Draymond Green Offered A Convincingly Contrite Apology For His Locker Room Tirade

By now, you’ve probably heard about Draymond Green‘s mysterious locker-room blowout during halftime of the Warriors-Thunder game on Saturday night. ABC sideline reporter Lisa Salters first reported the incident prior to the third quarter, and now that the dust has settled on arguably the best game of the NBA season, Golden State’s versatile big man decided to set the record straight when speaking to reporters Monday. Via ESPN.com’s Ethan Sherwood-Strauss:

“I admit my mistakes. I made a mistake. I admitted my mistakes to my teammates and my coaching staff. I apologize to my teammates, my coaching staff, this organization. That wasn’t the right way to handle what needed to be handled. As a leader of this team I can’t do that because it sets a bad precedent for how everything is ran around here, how everything should be ran, how everything has been ran, and how everything will be ran going forward. It won’t happen again. It’s, you know, something where my emotions kind of got ahead of me and I let my emotions get the best of me. However, I will never quit on my teammates, as some have reported. I would never quit on my coaching staff, I would never quit on this organization. This organization has given me everything that I can ask for. So I have supported and represented this organization to the best of my ability. That’s not who I am, that’s not who I’ve been, and that’s not who I will become. Sometimes, emotion, that’s human. I’m not perfect, nobody on this Earth is perfect. If we were, there’s no reason for us being here. As a human being I made a mistake and, like I said before, I apologize to my teammates, to everybody who I need to apologize to. It won’t happen again.”

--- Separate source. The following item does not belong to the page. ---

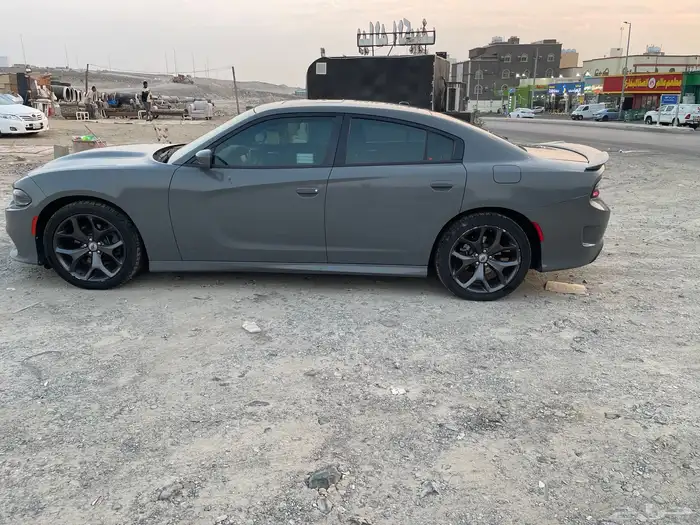 دوج تشارجر 2019 0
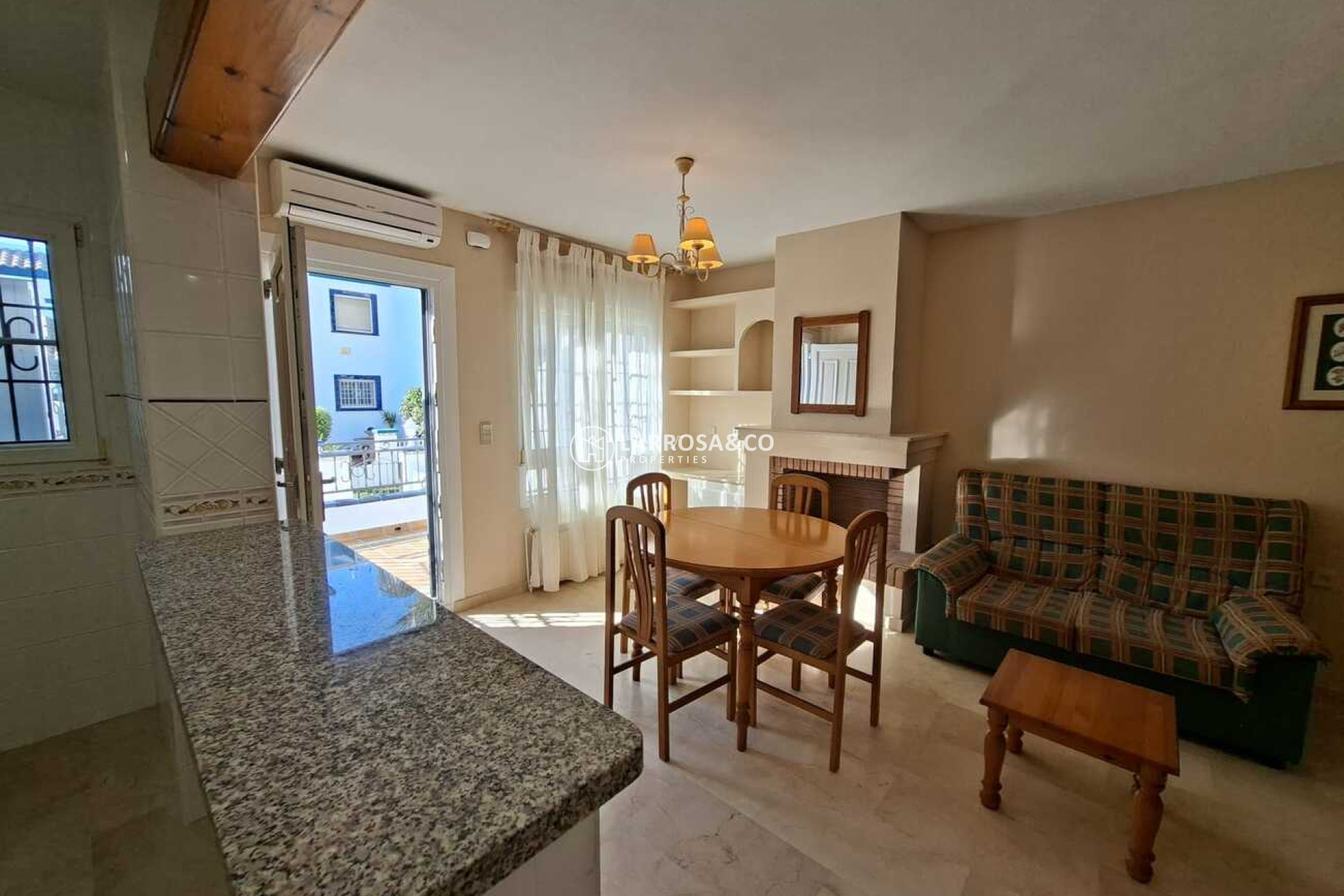 Вторичный рынок - Бунгало - Villamartín - Costa Blanca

Salters initially reported that Green’s “profanity-laced tirade” could be heard by everyone outside the Warriors’ locker room, and Stephen A. Smith of ESPN’s “First Take” took that a few steps further and claimed that he’d been told by an unnamed source that much of Green’s ire was directed at head coach Steve Kerr and that the two had to be separated by teammates.

Green’s comment about quitting on his teammates “as some have reported,” could be in direct response to Smith’s further claims that Green apparently initially refused to return from the locker room in the second half and had to be convinced by his teammates to go out and play.

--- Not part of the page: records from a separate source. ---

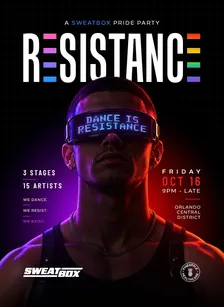 Sweatbox: Resistance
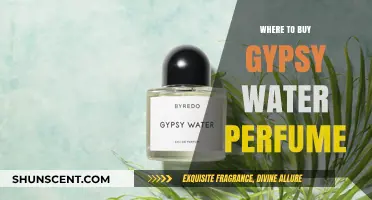 Gypsy Water Perfume: Where to Buy the Best Fragrance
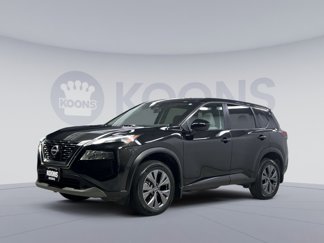 Used 2023 Nissan Rogue SV image 1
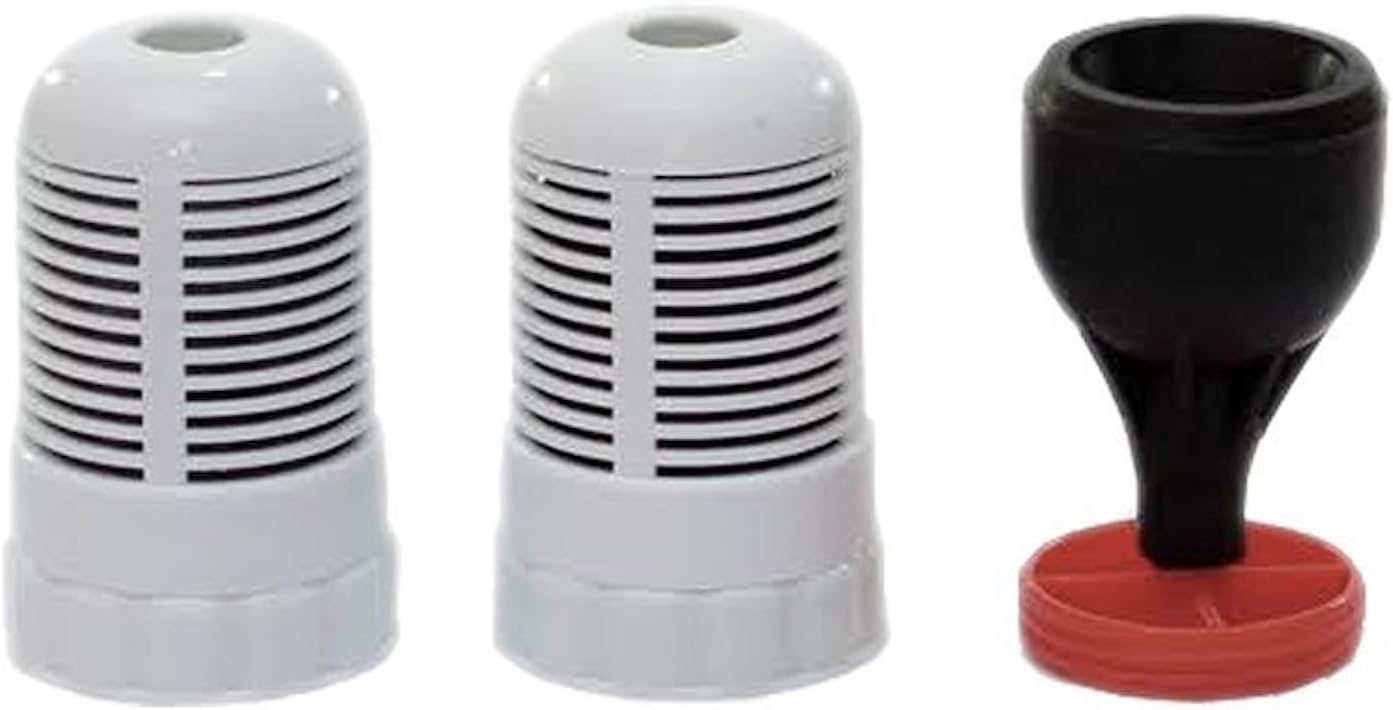 Seychelle Regular Replacement Filters for Gen 2 Water Pitcher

On the one hand, it doesn’t seem to bode well that Green would suffer such a spectacular emotional meltdown at the first hint of adversity. But at the same time, Green was able to bounce back and make crucial contributions for his team when they needed it the most. Despite being held without a field goal in the game (0-of-8 shooting), Green still posted a tremendous stat line: 14 rebounds, 14 assists, six steals, and four blocks.

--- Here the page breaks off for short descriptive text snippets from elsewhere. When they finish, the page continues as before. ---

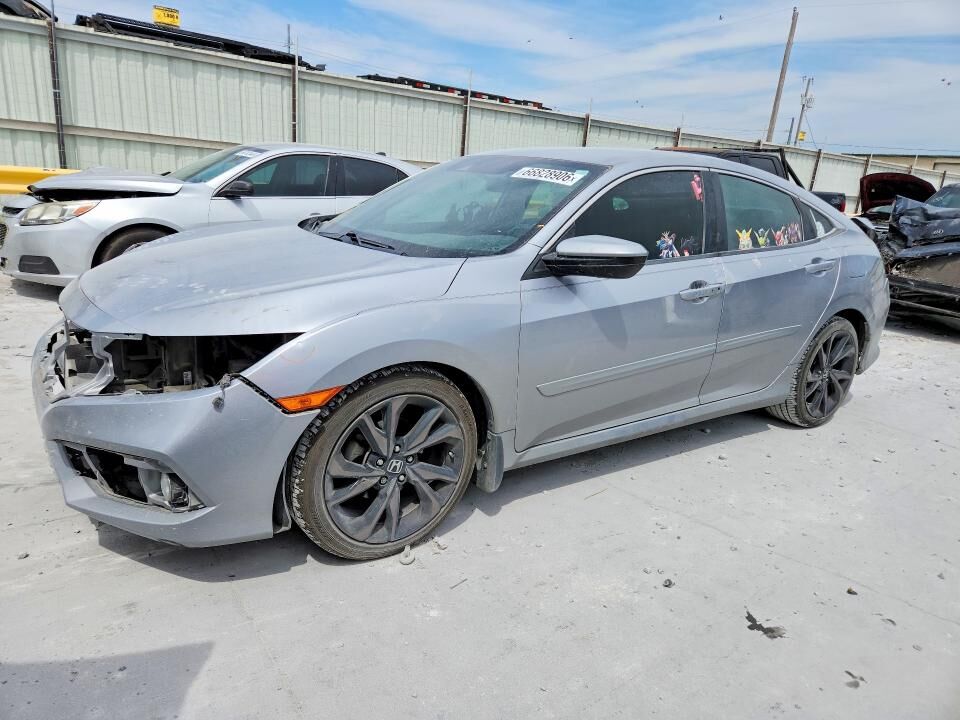 2019 HONDA Civic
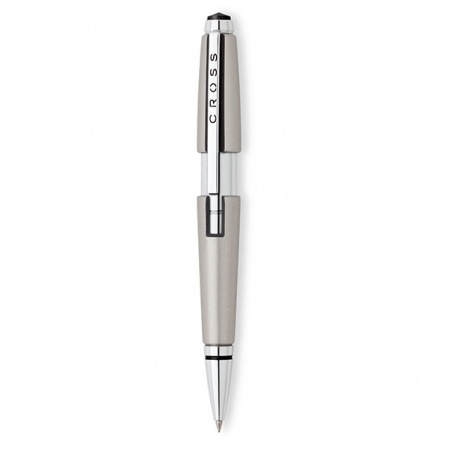 Ручка роллер Cross Edge Titanium Chrome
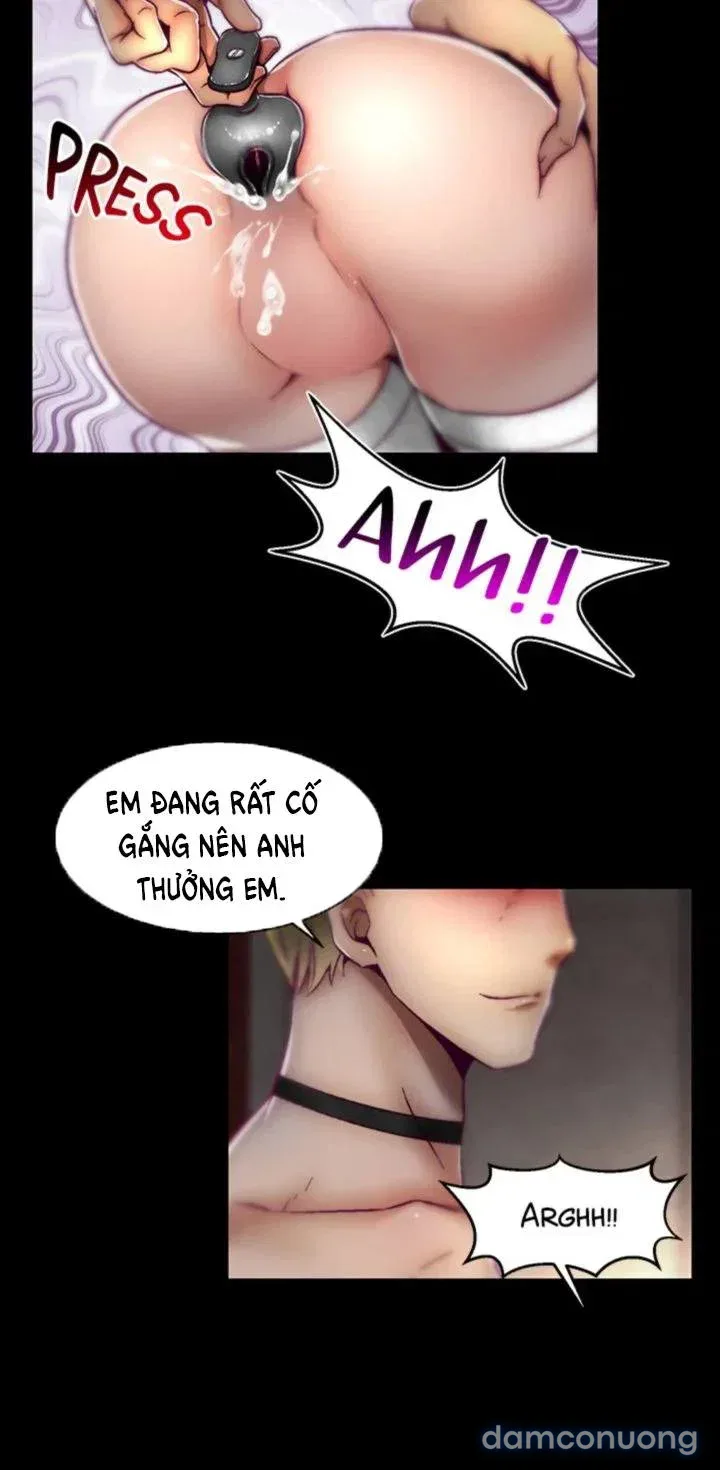 Trại chăn nuôi loài người 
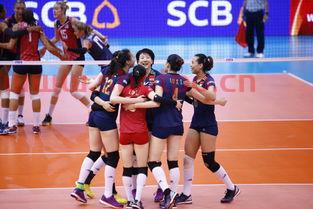 中国女排对战美国全场（中国女排对战美国全场录像）
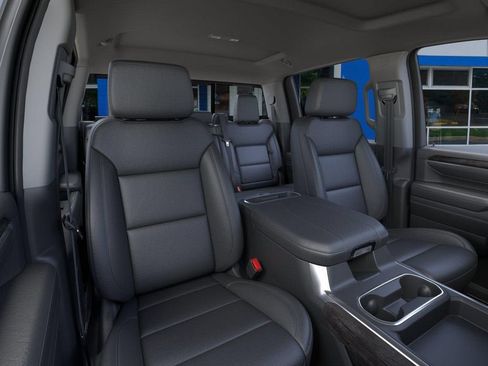 New 2026 Chevrolet Silverado 2500 LTZ w/ LTZ Premium Package AWD/4WD image 16
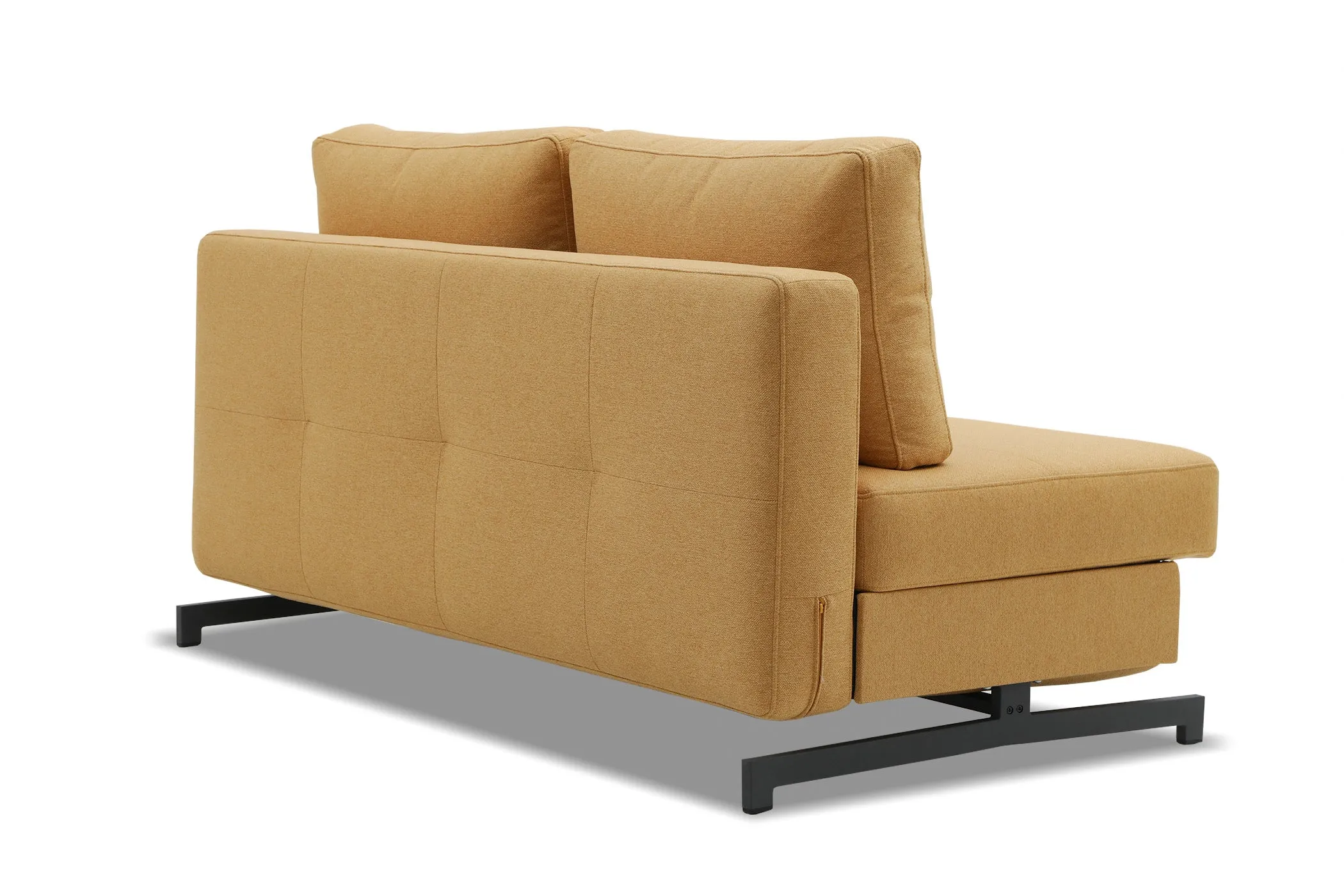 Bamton Armless Sofa Bed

And before there’s too much chatter and speculation about a widening rift between Green and his head coach, it bears mentioning that they’ve had an excellent rapport up to his point and that the whole incident purportedly started because Kerr made no bones about singling out Green’s on-court mistakes and apparently wouldn’t back down during Green’s ensuing outburst. Strauss even reported last year that this is apparently their preferred mode of communication:

“I love Draymond,” Kerr said. “Draymond and I have probably gotten into it three or four times, and every time he apologizes within a minute because he has such a heart of gold.”

Granted, it didn’t look good, which is why Green was compelled to address it. But being able to perform the way he did in the midst of all that frustration is actually a good sign for the Warriors rather than something to worry about.